■ **Exercise objective**: Transcribe the whole listing exactly; the images stay out.

::::

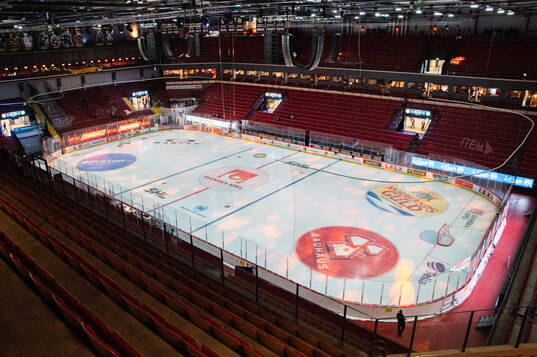 Monitor ERP Arena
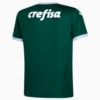 Image PUMA Camisa Palmeiras HOME 2022 Juvenil #2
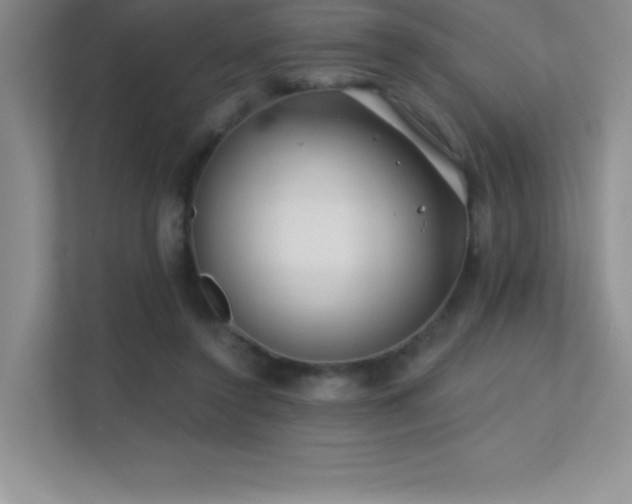 X0000112390356200908131553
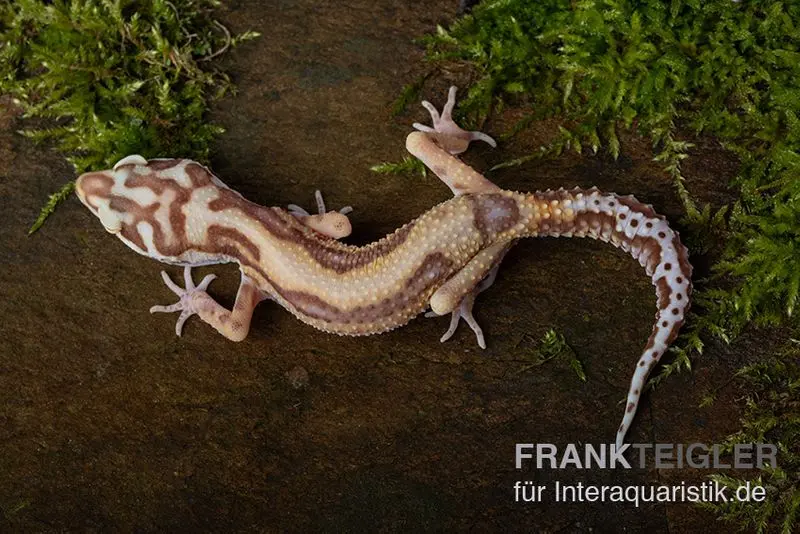 Gecko léopard, Eublepharis macularius, TREMPER ALBINO JUNGLE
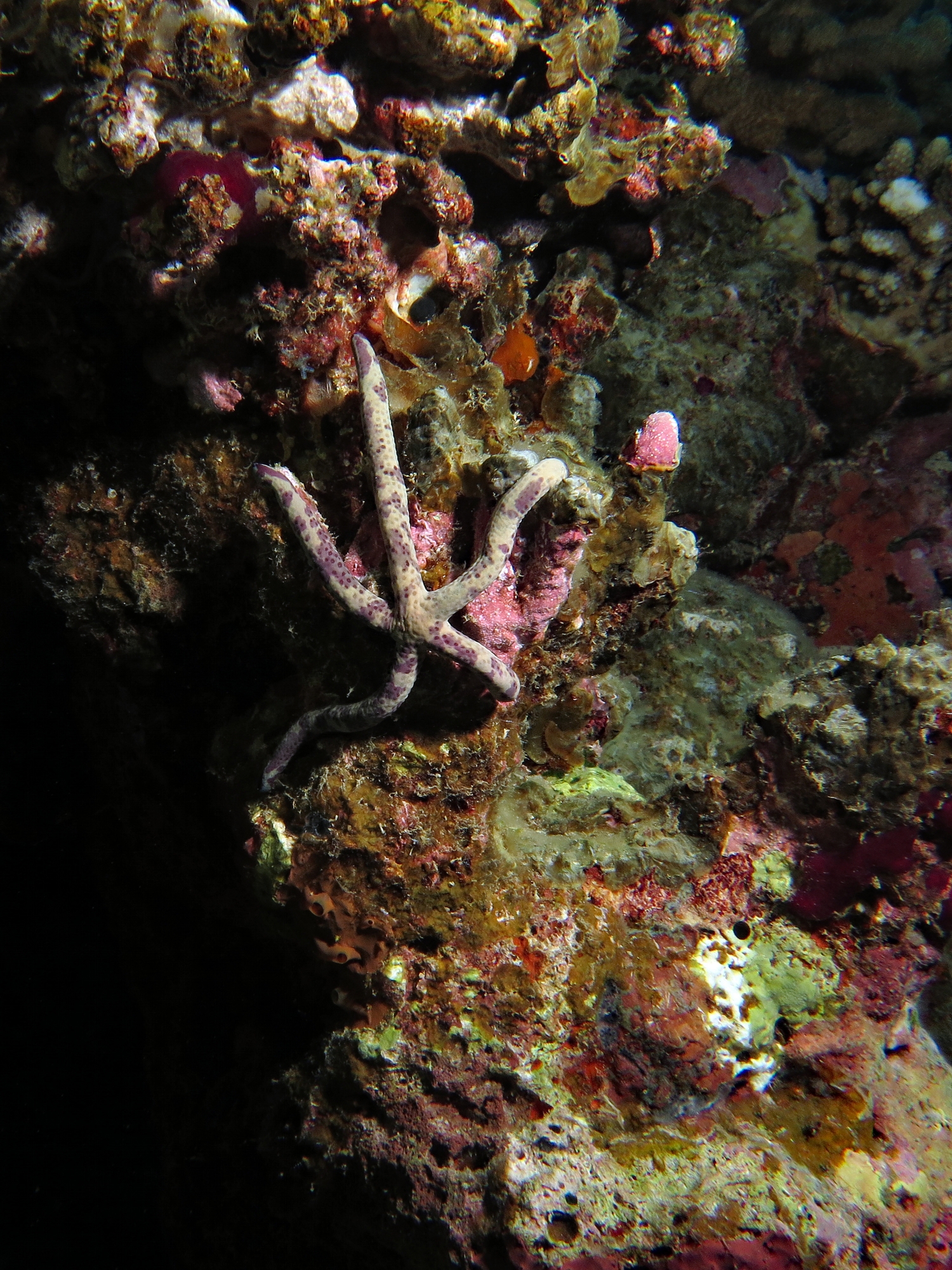 Linckia multifora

::::

■ **Task output**:
 Monitor ERP Arena
 Image PUMA Camisa Palmeiras HOME 2022 Juvenil #2
 X0000112390356200908131553
 Gecko léopard, Eublepharis macularius, TREMPER ALBINO JUNGLE
 Linckia multifora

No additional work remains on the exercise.